Friday 22 October 2010

A new currency war?

To students of the Great Depression, the current discussion about a currency war should come as no surprise. In the ‘30s, the world had a fixed exchange rate system, based on a US-centered gold standard. It made it obvious for all that a series of competitive devaluations were taking place as countries turned their attention to exports as a way of boosting domestic growth.


This time around it is a bit different. We do not have a global fixed exchange rate. We have dollar, we have the euro, and the yen. Until the outbreak of the crisis, we also had two currency blocs, the Euro and the US dollar bloc. By the latter I refer to the fact that a number of South American and in particular Asian exporters unilaterally kept their currencies largely stable against the dollar.

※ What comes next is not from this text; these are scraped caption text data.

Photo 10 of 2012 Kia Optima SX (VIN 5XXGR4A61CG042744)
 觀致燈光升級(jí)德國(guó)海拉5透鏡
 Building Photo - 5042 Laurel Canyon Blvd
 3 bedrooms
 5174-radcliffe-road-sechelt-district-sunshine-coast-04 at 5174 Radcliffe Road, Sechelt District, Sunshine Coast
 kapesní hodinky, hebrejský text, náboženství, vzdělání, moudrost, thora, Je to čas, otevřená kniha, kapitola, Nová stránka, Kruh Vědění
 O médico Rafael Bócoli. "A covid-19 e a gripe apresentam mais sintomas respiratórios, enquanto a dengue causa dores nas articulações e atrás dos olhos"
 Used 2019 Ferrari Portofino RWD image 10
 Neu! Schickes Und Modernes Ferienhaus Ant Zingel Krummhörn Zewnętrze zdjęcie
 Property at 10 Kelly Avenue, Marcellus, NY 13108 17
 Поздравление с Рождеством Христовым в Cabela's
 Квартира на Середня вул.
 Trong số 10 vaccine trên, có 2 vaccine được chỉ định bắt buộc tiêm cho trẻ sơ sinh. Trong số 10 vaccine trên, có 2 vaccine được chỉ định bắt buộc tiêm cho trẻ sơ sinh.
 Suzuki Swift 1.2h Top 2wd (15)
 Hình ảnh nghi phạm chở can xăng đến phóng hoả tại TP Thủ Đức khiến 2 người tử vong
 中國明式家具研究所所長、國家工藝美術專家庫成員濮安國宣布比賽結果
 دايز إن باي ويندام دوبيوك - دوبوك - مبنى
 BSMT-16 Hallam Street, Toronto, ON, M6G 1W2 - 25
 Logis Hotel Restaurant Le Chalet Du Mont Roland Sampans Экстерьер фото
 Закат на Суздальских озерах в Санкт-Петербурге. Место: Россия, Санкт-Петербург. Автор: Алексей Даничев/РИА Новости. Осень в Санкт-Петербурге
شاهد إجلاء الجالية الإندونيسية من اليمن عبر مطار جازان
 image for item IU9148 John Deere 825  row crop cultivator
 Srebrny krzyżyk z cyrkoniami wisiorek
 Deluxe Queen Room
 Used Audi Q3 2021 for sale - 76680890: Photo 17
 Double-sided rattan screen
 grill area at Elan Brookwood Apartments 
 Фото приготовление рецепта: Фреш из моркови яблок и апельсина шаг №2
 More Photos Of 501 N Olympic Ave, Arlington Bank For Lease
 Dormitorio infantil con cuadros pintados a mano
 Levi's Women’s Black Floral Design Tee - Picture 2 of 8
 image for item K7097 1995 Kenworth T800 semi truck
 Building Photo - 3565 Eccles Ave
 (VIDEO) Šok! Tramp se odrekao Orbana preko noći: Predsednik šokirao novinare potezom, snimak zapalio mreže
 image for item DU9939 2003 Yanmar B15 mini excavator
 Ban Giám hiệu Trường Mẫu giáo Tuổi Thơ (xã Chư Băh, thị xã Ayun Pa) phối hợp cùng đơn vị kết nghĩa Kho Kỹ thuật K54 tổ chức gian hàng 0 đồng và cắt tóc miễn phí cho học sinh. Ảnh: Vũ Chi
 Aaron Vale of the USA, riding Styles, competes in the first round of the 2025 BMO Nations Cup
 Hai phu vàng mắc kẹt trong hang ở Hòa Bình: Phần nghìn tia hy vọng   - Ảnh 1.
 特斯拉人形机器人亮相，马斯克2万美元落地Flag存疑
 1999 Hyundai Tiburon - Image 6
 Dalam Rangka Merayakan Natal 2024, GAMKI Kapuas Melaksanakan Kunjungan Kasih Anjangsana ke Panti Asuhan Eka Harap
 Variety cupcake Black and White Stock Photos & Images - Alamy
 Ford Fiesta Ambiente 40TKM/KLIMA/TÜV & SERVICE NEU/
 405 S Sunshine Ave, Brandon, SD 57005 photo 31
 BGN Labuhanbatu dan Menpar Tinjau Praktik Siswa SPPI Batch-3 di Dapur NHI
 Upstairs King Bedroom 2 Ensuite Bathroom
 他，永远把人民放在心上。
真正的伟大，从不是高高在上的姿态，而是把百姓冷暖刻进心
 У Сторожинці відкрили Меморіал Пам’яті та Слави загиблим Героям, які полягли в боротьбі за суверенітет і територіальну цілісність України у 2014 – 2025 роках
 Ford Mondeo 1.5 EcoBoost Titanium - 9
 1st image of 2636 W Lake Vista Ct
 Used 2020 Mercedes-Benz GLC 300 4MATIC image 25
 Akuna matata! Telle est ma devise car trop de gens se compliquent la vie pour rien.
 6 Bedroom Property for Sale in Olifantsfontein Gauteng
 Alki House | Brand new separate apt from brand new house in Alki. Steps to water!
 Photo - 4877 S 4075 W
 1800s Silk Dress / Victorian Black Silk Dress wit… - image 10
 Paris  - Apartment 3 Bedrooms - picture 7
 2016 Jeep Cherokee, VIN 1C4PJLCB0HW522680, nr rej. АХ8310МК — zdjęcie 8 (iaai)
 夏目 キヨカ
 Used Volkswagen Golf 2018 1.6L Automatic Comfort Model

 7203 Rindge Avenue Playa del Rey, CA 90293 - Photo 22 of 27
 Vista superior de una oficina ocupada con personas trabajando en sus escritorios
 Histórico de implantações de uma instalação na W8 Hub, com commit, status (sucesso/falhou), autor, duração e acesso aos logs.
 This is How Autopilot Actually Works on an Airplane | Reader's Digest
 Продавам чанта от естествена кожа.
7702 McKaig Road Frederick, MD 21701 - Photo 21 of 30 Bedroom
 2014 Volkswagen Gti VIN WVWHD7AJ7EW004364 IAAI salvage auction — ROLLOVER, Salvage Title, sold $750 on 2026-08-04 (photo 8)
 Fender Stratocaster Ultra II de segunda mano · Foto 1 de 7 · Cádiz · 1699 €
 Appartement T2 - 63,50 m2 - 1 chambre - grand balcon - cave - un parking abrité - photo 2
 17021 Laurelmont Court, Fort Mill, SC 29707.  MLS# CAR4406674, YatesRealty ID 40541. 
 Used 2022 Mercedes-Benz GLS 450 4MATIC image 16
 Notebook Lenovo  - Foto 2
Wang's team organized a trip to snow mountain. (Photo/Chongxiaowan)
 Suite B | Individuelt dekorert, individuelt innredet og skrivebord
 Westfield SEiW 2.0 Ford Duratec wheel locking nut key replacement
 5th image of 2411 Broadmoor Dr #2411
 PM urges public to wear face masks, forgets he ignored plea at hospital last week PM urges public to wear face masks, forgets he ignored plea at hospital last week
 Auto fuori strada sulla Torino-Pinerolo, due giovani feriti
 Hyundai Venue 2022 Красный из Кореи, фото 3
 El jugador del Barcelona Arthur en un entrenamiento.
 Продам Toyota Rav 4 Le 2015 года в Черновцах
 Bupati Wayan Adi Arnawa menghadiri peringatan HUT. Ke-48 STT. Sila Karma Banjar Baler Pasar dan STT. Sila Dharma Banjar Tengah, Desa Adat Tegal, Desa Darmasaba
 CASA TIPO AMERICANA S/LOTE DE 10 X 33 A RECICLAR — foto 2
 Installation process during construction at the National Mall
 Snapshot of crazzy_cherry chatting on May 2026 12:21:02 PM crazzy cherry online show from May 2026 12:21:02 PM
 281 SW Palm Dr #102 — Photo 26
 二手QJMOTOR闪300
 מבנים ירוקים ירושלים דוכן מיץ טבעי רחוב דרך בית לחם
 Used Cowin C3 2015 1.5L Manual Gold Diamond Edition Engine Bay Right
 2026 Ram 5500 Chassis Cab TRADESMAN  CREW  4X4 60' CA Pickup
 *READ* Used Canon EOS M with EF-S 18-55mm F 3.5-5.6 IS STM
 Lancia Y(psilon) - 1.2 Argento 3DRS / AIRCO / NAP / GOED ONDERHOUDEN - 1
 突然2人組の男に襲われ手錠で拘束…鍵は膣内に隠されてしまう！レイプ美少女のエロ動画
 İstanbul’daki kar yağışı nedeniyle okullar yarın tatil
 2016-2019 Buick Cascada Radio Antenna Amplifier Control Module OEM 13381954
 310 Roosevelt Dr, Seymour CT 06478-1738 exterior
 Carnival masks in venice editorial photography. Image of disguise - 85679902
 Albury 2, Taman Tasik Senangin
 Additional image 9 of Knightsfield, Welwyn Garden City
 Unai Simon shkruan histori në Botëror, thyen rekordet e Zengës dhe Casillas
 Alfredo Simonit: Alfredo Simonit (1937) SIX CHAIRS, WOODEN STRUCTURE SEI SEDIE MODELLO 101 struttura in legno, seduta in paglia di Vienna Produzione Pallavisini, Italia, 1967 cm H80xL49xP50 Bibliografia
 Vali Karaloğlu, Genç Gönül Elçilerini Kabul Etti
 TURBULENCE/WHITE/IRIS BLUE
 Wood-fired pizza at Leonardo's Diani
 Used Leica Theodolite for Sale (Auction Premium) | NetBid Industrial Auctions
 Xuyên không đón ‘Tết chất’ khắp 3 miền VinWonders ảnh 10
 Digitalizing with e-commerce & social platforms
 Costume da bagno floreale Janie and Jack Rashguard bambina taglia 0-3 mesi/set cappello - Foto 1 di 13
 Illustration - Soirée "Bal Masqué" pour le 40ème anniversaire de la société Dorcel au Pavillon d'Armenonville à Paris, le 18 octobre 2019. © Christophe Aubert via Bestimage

We are now in a situation where competitive devaluations are off the table, since there is no fixed exchange rate system. This has opened the floodgates for something far more insidious, quiet and discrete manipulation of the currencies. And there is a sneaking feeling that the US of A is actually the main culprit. The US allegedly want to weaken the dollar in order to redress the huge hole in the trade balance. Doing this is so not kosher.

It is very easy to come to that conclusion when looking at the weakening of the USD since in the past months. Several currencies have appreciated significantly against the USD. I talk about the euro, the ASEAN currencies, the yen. And even the Chinese yuan also increased a bit. For all practical purposes the implicit dollar bloc has gone and the USA appear to be exporting its economic trouble to everybody else.

It always makes good headlines to accuse somebody else of currency manipulation. US lawmakers are specialists in that discipline as they pound the Chinese in order to obtain a significant appreciation of the CHY.

I am sure that everybody in the US economic policy circles welcomes a weaker USD. It was the same in Euroland in the first half of the year. But I am equally sure that the current dollar depreciation is the result of what I described in my previous post. Namely the current situation of the USA being caught in a liquidity trap.

There is a near universal expectation that the Federal Reserve will resume its asset purchasing programme within weeks. Such a program increases reserves in the banking system, but so far it does not lead to an increase in the money stock. Banks do not lend money and consumers and businesses do not borrow. Banks have a tendency to increase deposits at the central banks in that situation. It could however also happen that they help finance investments in securities. In other words, the main consequence is to inflate the value of financial assets.

To the extent that investments are not made exclusively in dollar-denominated assets, this liquidity flow will tend to weaken the dollar and to drive up assets in the “host” countries. In other words, the side effect of the US monetary policy is to drive the dollar down and financial assets upwards, also outside the USA.

Obviously, there is nobody complaining about the asset inflation, since it is supposed to lead to consumers feeling better and increasing demand. Eventually, that is.

But the falling dollar is obviously provoking a lot of politicians in other countries, from China to Brazil. A lot of noise is now audible and it is fully understandable. The weakening dollar makes US exports more competitive. The country that triggered the financial crisis through a disastrous combination of private and public sector deficits, a debt explosion and a terminally weak regulatory regime are now trying to export their way out of the crisis. At least according to the critics. I am sure that US policy makers would prefer to be in a situation where they could indeed push a string – using the monetary policy to get the economy growing faster.

Eventually the US economy will pull out of the liquidity trap, but nobody knows the timing of this. In the meantime the trends in the financial markets will continue, no matter how contradictory they are.

And in the meantime, we can all marvel at the best manipulators in town, the Chinese. Following months of increasing pressure from the Western World, the crawling peg regime from the pre-crisis years was reinstated. Not that CNY has moved a lot against the USD. But the change came virtually at the same moment as the USD began to weaken against the EUR and the JPY. So the net effect has been a weakening of the CNY in trade-weighted terms. Not bad for presumed novices in the noble art of waging a currency war.